跳到主要内容

Use Parallel Queries Execution

This document introduces the usage scenarios, usage examples, restrictions, and common issues of parallel query execution in Cloudberry Database. When Cloudberry Database executes a query, multiple CPU cores are used to process a single query, thereby improving query performance. The database dynamically adjusts the number of computing nodes (including the SeqScan operator) according to the data volume change.

Applicable scenarios

Suitable for the scenario where a few segments are deployed on a single physical machine. Using parallel query execution in this scenario can dynamically adjust parallel sessions, spare the need to deploy more segments, and improve performance.

When the host CPU and disk load are not high, enabling parallel sessions for operators can bring better performance.

How to use

Cloudberry Database supports parallel query execution on AO/AOCO and heap tables.

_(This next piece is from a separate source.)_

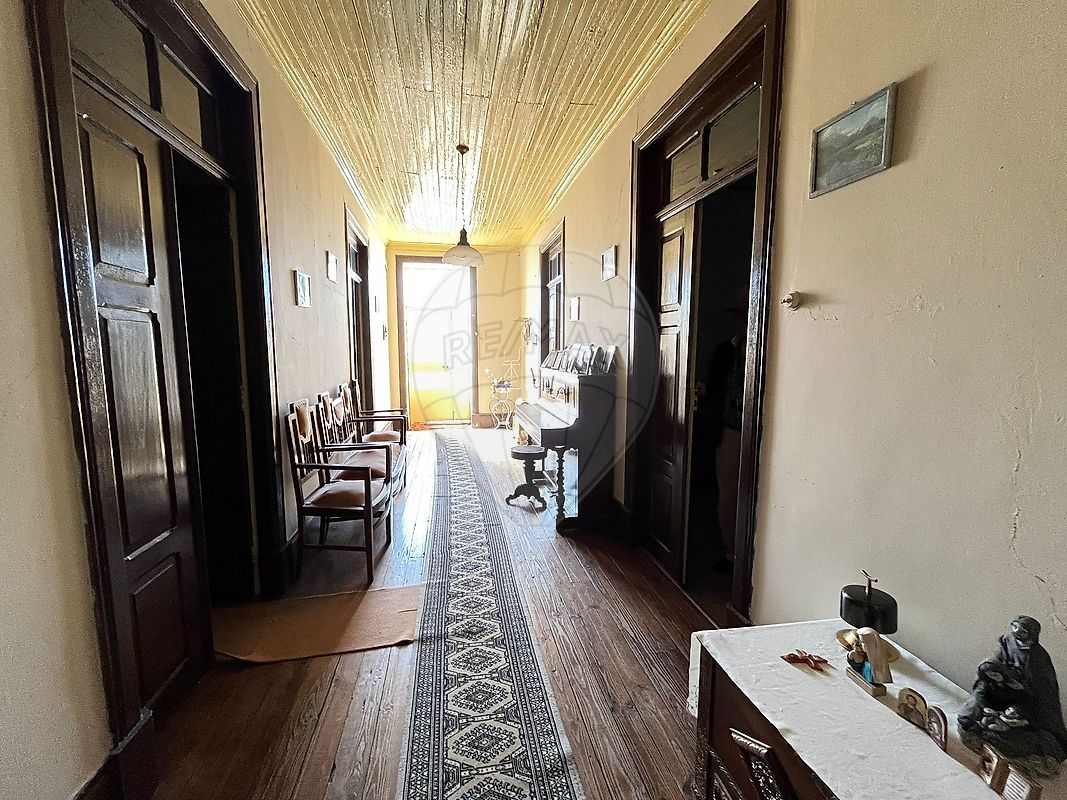 listing 126071023-150 picture-0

Parallel queries on heap tables

  1. Before enabling parallel queries, you need to turn off the GPORCA optimizer.

    SET enable_parallel = ON;
    SET optimizer = OFF;
  2. Set the maximum value for the parallel session.

    -- When setting this parameter
    -- you need to consider the number of CPU cores and segments.
    SET max_parallel_workers_per_gather = 4;

    Query example:

    CREATE TABLE t1 (c1 int,c2 int, c3 int, c4 box) distributed by (c1);
    INSERT INTO t1 SELECT x, 2*x, 3*x, box('6,6,6,6') FROM generate_series(1,1000000) AS x;
    SELECT count(*) from t1;

Parallel queries on AO/AOCO tables

  1. Before enabling parallel queries, you need to turn off the GPORCA optimizer.

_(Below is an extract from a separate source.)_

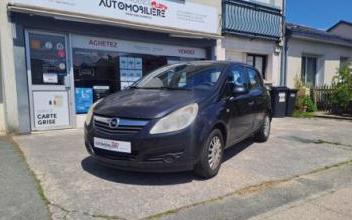 Opel corsa Saint-Barthélemy-d'Anjou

    SET enable_parallel = ON;
    SET optimizer = OFF;
  2. Set the maximum value for the parallel session.

    -- When setting this parameter
    -- you need to consider the number of CPU cores and segments.
    SET max_parallel_workers_per_gather = 4;

    -- Sets how many files the data will be inserted into in a transaction.
    -- Larger values might lead to performance degradation, especially for AOCO tables.
    SET gp_appendonly_insert_files = 8;

    -- Switches to the next file to insert data every 100,000 rows.
    -- This number of rows can be adjusted,
    -- to make the data as evenly distributed as possible across multiple files.
    SET gp_appendonly_insert_files_tuples_range = 100000;
  3. Insert data and run a query.

    CREATE TABLE ao(x INT) USING ao_row;
    INSERT INTO ao SELECT i FROM generate_series(1, 1000000) i;
    -- It is recommended to update statistics first.
    ANALYZE ao;
    SELECT COUNT(*) FROM ao;

Parameter description

Parameter nameDescriptionDefault valueIs it required?Example
enable_parallelDetermines whether to enable parallel execution.OFFYesSET enable_parallel = ON;
optimizerDetermines whether to enable the GPORCA optimizer.ONYesSET optimizer = OFF;
gp_appendonly_insert_filesSpecifies how many files the data will be inserted into in a transaction.4NoSET gp_appendonly_insert_files = 8;
gp_appendonly_insert_files_tuples_rangeSpecifies the threshold of rows in a file, beyond which data will be inserted into a new file.100000NoSET gp_appendonly_insert_files_tuples_range = 100000;

Frequently asked questions

  • Currently, Cloudberry Database supports executing queries in parallel that contain the following operators. If a query contains other operators, it will not be executed in parallel.

    sequence scan      
    index scan
    index only scan
    bitmap heap scan
    append
    hash join
    nestloop join
    merge join
  • Parallel queries do not always improve query performance. Too many parallel sessions can cause overload and lead to performance degradation.

  • Enabling parallel sessions for a query means a significant increase in memory overhead, which might cause errors due to insufficient memory.